Pertama, pemimpin haruslah seorang yang saleh sehingga ketakwaan bisa menjaganya dari keterlenaan akibat nikmatnya kekuasaan seperti melakukan perbuatan menyimpang. Kedua, pemimpin haruslah orang yang sabar supaya bisa menjinakkan kemarahannya. Ketiga, pemimpin haruslah orang yang bersikap baik layaknya ayah bagi masyarakat yang dipimpin.
Pemimpin Besar Revolusi Islam Iran atau Rahbar, terkait Imam Baqir mengatakan, Imam Baqir yang memimpin sekitar 18 tahun, adalah teladan sempurna kerja keras, perjuangan dan jihad tak kenal lelah dan pelik dalam menyebarluaskan agama, kalimat kebenaran dan menggulirkan gerakan pemikiran benar di dunia saat itu.
Ayatullah Khamenei menambahkan, sebuah tujuan yang sedang dicapai rakyat Iran sekarang, yaitu menghidupkan kalimat kebenaran di dunia yang begitu terikat dengan materialisme, dekaden, menyesatkan dan tenggelam dalam kerusakan moral. Pekerjaan yang dilakukan Imam Baqir seorang diri untuk membantu sejumlah kecil sahabatnya, pernah dilakukan Islam di masa sebelumnya.
Perjuangan Imam Baqir selama 18 tahun membimbing umat dan membela Islam di tengah-tengah serbuan ideologi sesat dan menyimpang jelas sangat penting. Keutuhan Islam yang kita saksikan saat ini. Pengorbanan para manusia suci yang rela mengorbankan nyawa mereka demi Islam harus dikenang dan diteruskan.
Dalam hal ini Imam Baqir melalui perjuangannya di sisi keilmuan harus menjadi motivasi bagi umat Islam untuk terus menimba ilmu dengan kejayaan Islam. Kebudayaan Islam yang pernah berjaya dan bersinar di dunia harus kembali dihidupkan. Ketika para ulama dan ilmuan Islam berhasil menjadi teladan keilmuan di dunia, seperti Ibnu Sina, Farabi, Razi dan lain-lainnya, Islam meraih puncak kejayaannya. Kini umat Islam harus bangkit dan meneladani para maksum dan ulama Islam lainnya serta lebih giat dalam keilmuan, khususnya sains dan teknologi modern.

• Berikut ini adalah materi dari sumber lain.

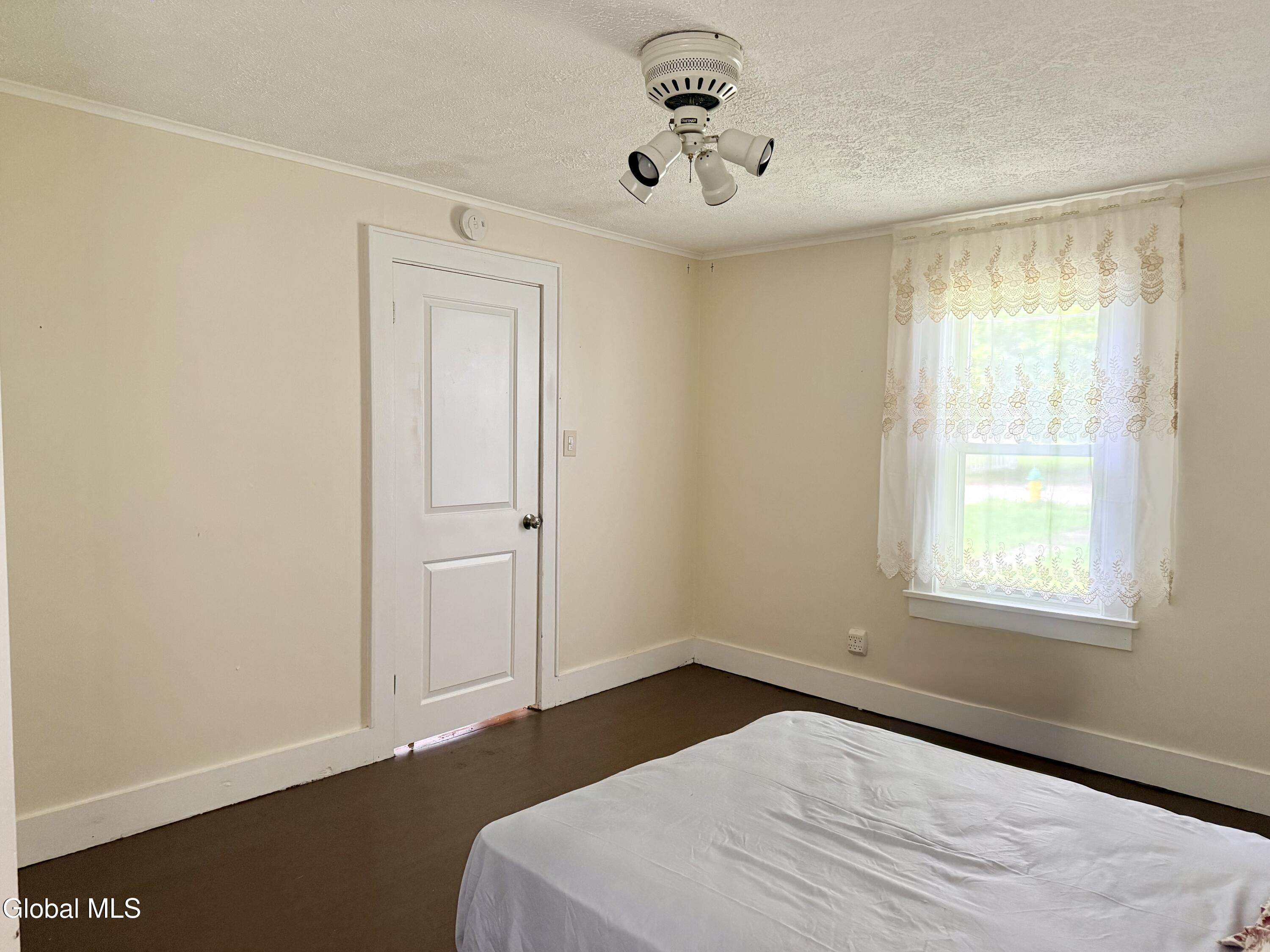 28 Lake Avenue Nassau NY 12123
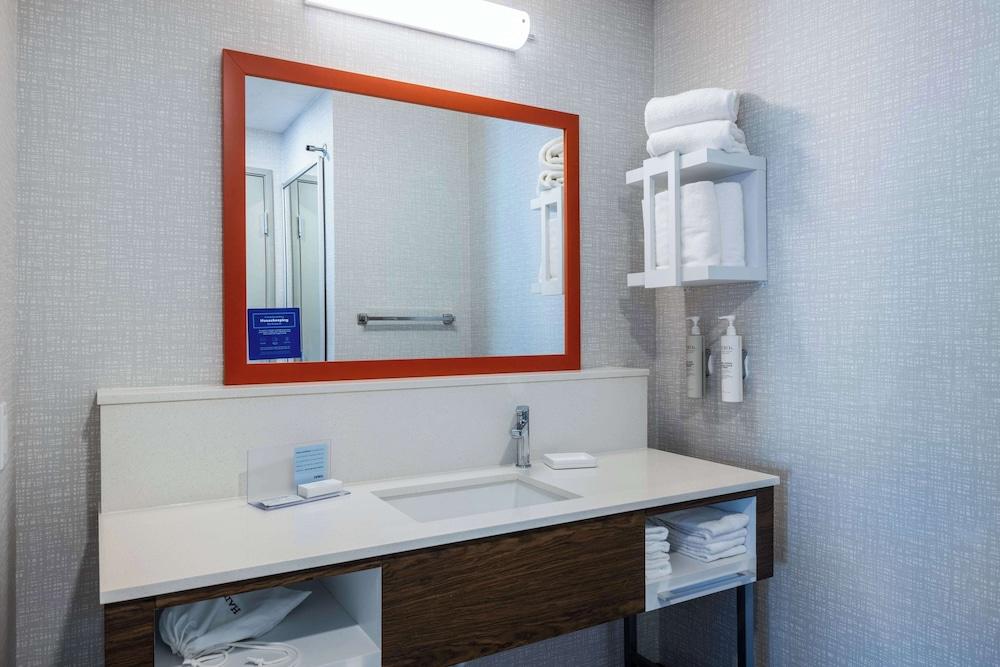 Hampton Inn & Suites Casper photo 29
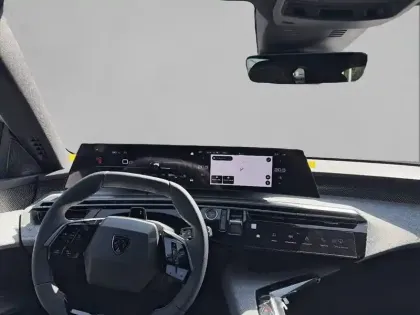 Photo 7 Peugeot 5008  Hybrid 145 ch e-DCS6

Imam Muhammad Baqir as, di samping berbagai aktivitas ilmiah, beliau juga berjuang untuk memperbaiki urusan sosial dan menentang kezaliman. Oleh karena itu, beliau selalu menjadi target kebencian dan makar para penguasa Bani Umayah, yaitu Hisham bin Abdulmalik. Permusuhan itu sedemikian rupa sehingga beliau secara paksa pindah ke pusat pemerintahan Bani Umayah, yaitu di Syam (Suriah sekarang). Dengan demikian, rezim penguasa dapat dengan ketat mengawasi seluruh aktivitas beliau. Belum cukup, Imam Baqir as juga sempat dijebloskan ke penjara.
Namun cara-cara itu terbukti tidak efektif dalam mencegah perjuangan ilmiah dan anti-kezaliman Imam Muhammad Baqir as. Bahkan kehadiran beliau di Syam justru berdampak negatif bagi kekuasaan Hisham bin Abdulmalik. Oleh karena itu dia memutuskan untuk memulangkan Imam ke Madinah. Namun, di mana pun beliau berada, beliau bersinar bak matahari yang menerangi jalan umat Islam. Sebab itu pula, Hisham akhirnya membunuh Imam Baqir as dengan racun.